How this positive displacement technology improves energy efficiency and production rates.
Blackmer
12/12/2018
The need for more industrial operations to satisfy the demands of a constantly growing population can collide with edicts that manufacturers reduce their utility and overall operating costs while simultaneously operating in a more environmentally friendly manner. This has forced operators in the industrial sectors to reconsider the types of equipment they have been using in their facilities and operations, with an eye on upgrading to systems that can reliably provide both environmentally safe and cost-effective production.
A Positive Outlook
First, a bit of background. Positive displacement (PD) pumps were developed long before centrifugal pumps. Greek mathematician Archimedes is said to have invented the first screw pump around 225 B.C. The operation of PD pumps is signified by the displacement of a known quantity of liquid with each revolution of the pumping elements, which can include vanes, lobes, gears, rotors, screws, etc. The liquid is displaced through the spaces that are created between the PD pump’s specific pumping elements. After the liquid is collected in this space, the movement of the pumping elements transports it to the discharge port. In general, this method of operation allows PD pumps to handle liquids with viscosities up to 1,320,000 centistokes (cSt)/6,000,000 Saybolt Seconds Universal (SSU); capacities up to 1,150 cubic meters per hour (m3/hr) or 5,000 gallons per minute (gpm); and pressures up to 700 bar or 10,000 pounds per square inch (psi).
Image 1. The operational and energy-efficiency capabilities of positive displacement sliding vane pumps, like those seen above in a chemical processing facility, can help operators successfully overcome processing issues. (Images courtesy of Blackmer)
Today, according to the Hydraulic Institute, pumps account for nearly 27 percent of total electricity use in the industrial sector. While centrifugal-style pumps remain the most-used technology in industrial fluid-handling applications, there is no “one pump fits all” solution. This opens the door for operators to consider the benefits PD pumps can offer from an efficiency and energy-savings perspective, even in applications that have traditionally relied on centrifugal pumps.
When making the final choice in pump type, several crucial factors need to be taken into account, including required flow rate, suction and differential pressure, temperature, viscosity, weight and corrosiveness of the liquid being handled. In addition, facility managers too often choose oversized pumps as a fallback under the erroneous belief that such equipment will address future capacity needs.
These decisions ignore the added energy costs that are inherent in continuously operating oversized pumps.
Image 2. A mechanical efficiency comparison between sliding vane and gear pumps shows that from the lowest to highest viscosities, sliding vane technology delivers the highest level of mechanical efficiency, which equates to the lowest overall energy consumption.

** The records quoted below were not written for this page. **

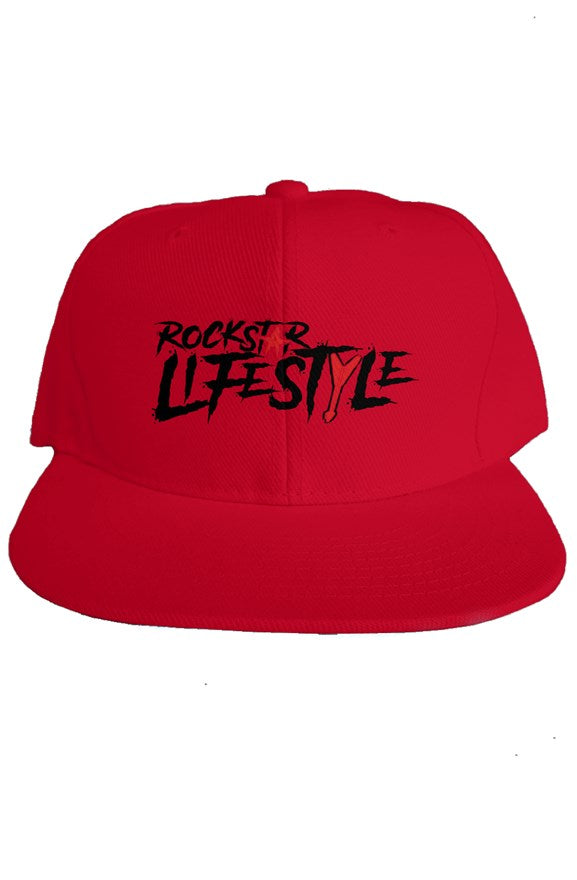 Rockstar Lifestyle Classic Snapback (Red)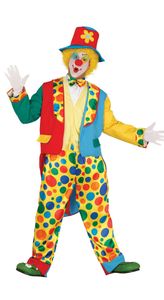 buntes Clownkostüm für Herren Karneval Fasching Party Geburtstag lustig , Größe:XL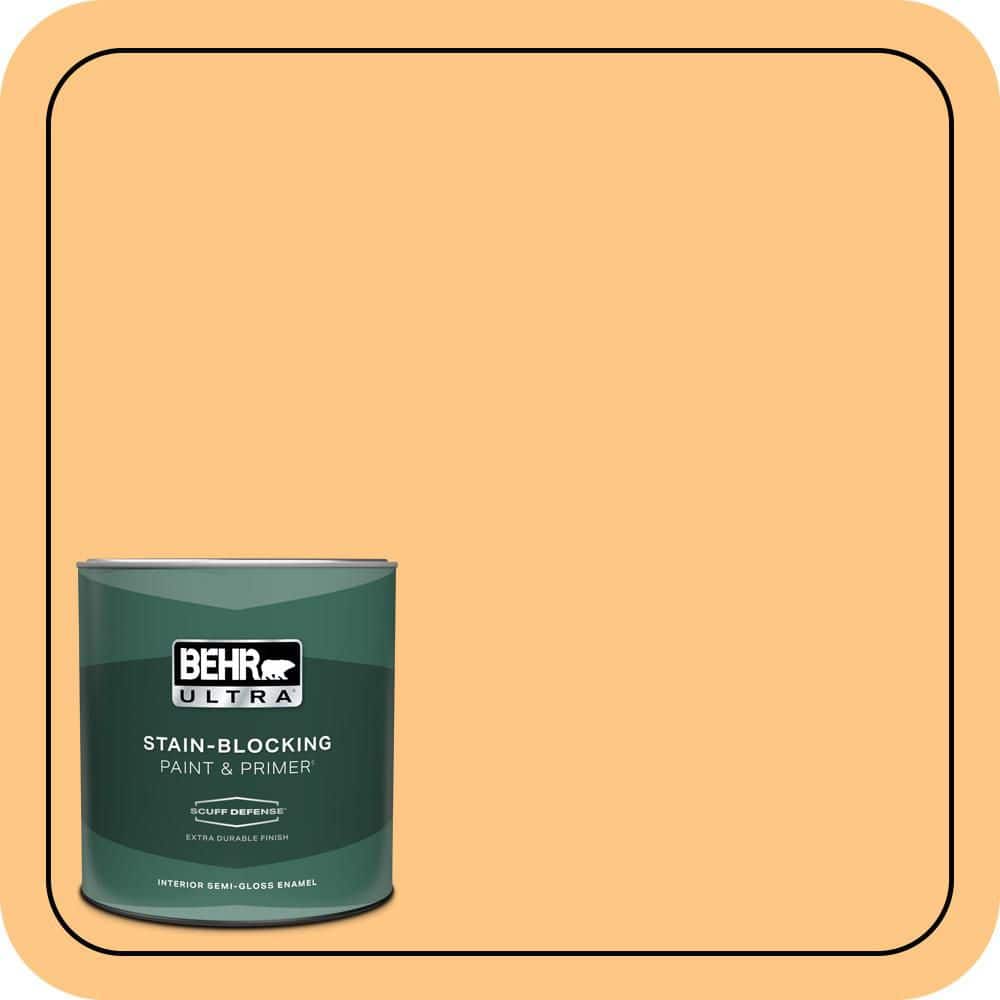 1 qt. #P240-4 Mango Tango Extra Durable Semi-Gloss Enamel Interior Paint & Primer price history on PriceWatchPro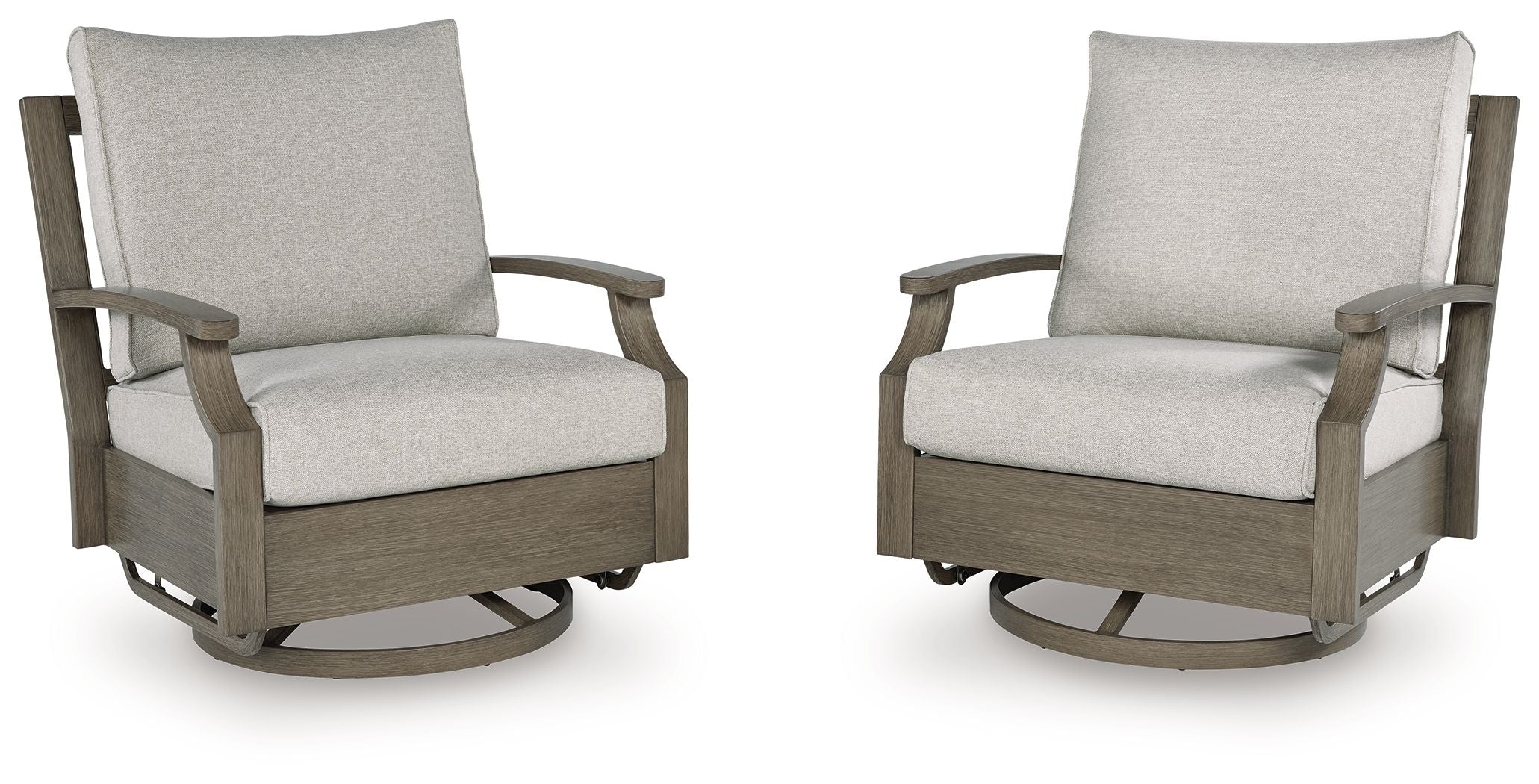 Rainier Ranch - Marrón/Beige - Silla giratoria con cojín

While the majority of the world’s pumping tasks may be performed with centrifugal-style pumps, PD pumps can become a top-of-mind choice when facility operators are apprised of the functionality PD pumps can offer users, including:
- PD pumps are inherently self-priming. Centrifugal pumps must be pre-primed. Industrial facilities can design their process around this by including pre-fill cycles, minimum tank levels or expensive below-grade installations. On the other hand, industrial facilities can reduce or eliminate these considerations by using a PD pump that is inherently self-priming. This capability allows the PD pump to draw a suction vacuum and compress air into the discharge piping, all while dry running. This enables the pump to be used in top-offload suction-lift installations or with long sections of suction pipe.

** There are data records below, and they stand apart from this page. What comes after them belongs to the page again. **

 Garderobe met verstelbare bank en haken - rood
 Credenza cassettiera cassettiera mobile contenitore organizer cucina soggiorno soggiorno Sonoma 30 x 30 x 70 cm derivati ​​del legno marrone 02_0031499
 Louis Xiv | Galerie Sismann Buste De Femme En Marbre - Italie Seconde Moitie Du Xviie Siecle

- PD pumps can line strip. Product recovery is critical for both safety and cost savings. PD pumps left on after a batch cycle can evacuate the suction and discharge piping, preventing product spillage when the pumps are maintained or when an operator disconnects a hose. This is a critical safety advantage. Further, PD pumps can extract costly products from the bottom of supply tanks (known as the liquid “heel”). The site may purchase an entire tanker, but a portion of the liquid may be left behind by centrifugal pumps, which creates the risk of product cross-contamination, as well as increased tank-cleaning costs. PD pumps can also recover liquid from within the piping system.
- PD pumps are insensitive to the system’s pressure fluctuations. Some operations feature a batch process, have high backpressure or struggle with operating near a centrifugal pump’s best efficiency point (BEP). PD pumps do not have a BEP and are immune to any system pressure fluctuations.
- PD pumps are viscosity flexible. There is no reduced performance at increasing viscosity (or decreasing viscosity for ultrathin multiphase liquids). PD pumps can operate continuously at 0.2 centipoise (cP) or 200,000 cP viscosities. In fact, many PD-style pumps can be used on a thin solvent and on thick crude oil, which makes them ideal for liquid-terminal or bulk-transfer applications.
- PD pumps operate at reduced speeds. This capability reduces the surface velocity of rotating seal faces and improves seal life. PD pumps often require less than 500 revolutions per minute (rpm), which yields slower sealing velocities, friction-heat buildup and the cooling-lubrication needs of the seal. The result is that seals are more robust, resulting in longer component life and reduced maintenance costs over the life of the pump.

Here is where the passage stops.